START TASK MATERIAL

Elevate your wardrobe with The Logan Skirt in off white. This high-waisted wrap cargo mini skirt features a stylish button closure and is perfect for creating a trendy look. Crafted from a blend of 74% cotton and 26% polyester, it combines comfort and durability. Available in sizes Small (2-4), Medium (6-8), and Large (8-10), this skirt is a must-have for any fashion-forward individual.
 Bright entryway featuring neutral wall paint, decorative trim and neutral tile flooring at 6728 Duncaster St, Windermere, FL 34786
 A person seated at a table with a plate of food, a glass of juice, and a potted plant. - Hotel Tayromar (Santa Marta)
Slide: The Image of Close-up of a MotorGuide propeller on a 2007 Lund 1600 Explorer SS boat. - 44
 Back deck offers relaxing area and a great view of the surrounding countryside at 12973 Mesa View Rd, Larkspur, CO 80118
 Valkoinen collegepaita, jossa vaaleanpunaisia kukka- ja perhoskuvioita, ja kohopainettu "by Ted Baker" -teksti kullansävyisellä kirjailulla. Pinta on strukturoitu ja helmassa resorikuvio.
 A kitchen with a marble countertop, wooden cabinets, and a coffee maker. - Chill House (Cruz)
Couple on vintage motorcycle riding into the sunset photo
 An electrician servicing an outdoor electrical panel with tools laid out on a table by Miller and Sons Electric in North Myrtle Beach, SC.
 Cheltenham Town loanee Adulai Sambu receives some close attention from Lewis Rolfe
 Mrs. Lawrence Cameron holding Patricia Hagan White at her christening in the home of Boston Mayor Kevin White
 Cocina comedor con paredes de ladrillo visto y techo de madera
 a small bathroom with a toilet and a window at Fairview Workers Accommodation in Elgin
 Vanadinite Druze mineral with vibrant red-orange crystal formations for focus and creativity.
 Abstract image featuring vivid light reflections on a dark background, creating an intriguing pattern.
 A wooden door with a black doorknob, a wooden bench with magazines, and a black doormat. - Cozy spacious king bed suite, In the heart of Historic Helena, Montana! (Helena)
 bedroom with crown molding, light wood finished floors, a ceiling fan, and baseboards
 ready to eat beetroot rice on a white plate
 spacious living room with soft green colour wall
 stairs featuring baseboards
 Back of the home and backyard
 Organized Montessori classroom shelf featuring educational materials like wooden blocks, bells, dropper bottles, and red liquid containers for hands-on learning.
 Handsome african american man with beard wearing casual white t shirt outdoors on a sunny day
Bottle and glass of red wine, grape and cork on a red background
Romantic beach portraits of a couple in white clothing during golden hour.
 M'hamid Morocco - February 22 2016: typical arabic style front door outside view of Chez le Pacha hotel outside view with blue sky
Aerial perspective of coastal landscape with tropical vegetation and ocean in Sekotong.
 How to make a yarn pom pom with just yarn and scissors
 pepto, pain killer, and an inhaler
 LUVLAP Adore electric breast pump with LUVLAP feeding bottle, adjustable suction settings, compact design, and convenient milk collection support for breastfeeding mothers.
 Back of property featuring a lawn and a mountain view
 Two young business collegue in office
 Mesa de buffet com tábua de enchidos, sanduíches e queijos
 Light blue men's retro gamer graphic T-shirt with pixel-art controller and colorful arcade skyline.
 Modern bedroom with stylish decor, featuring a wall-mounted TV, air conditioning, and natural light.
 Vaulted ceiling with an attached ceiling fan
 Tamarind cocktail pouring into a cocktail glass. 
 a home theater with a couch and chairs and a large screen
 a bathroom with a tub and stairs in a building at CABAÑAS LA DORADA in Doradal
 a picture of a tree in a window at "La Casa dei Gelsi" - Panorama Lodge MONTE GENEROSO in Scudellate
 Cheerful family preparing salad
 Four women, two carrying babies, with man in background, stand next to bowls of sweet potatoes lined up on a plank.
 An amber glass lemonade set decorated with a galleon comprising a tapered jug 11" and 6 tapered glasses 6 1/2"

END TASK MATERIAL

_TASK ITEM_
Show all lines above that contain "background".

_RESPONSE FOR THIS EXERCISE_
 Abstract image featuring vivid light reflections on a dark background, creating an intriguing pattern.
Bottle and glass of red wine, grape and cork on a red background
 Four women, two carrying babies, with man in background, stand next to bowls of sweet potatoes lined up on a plank.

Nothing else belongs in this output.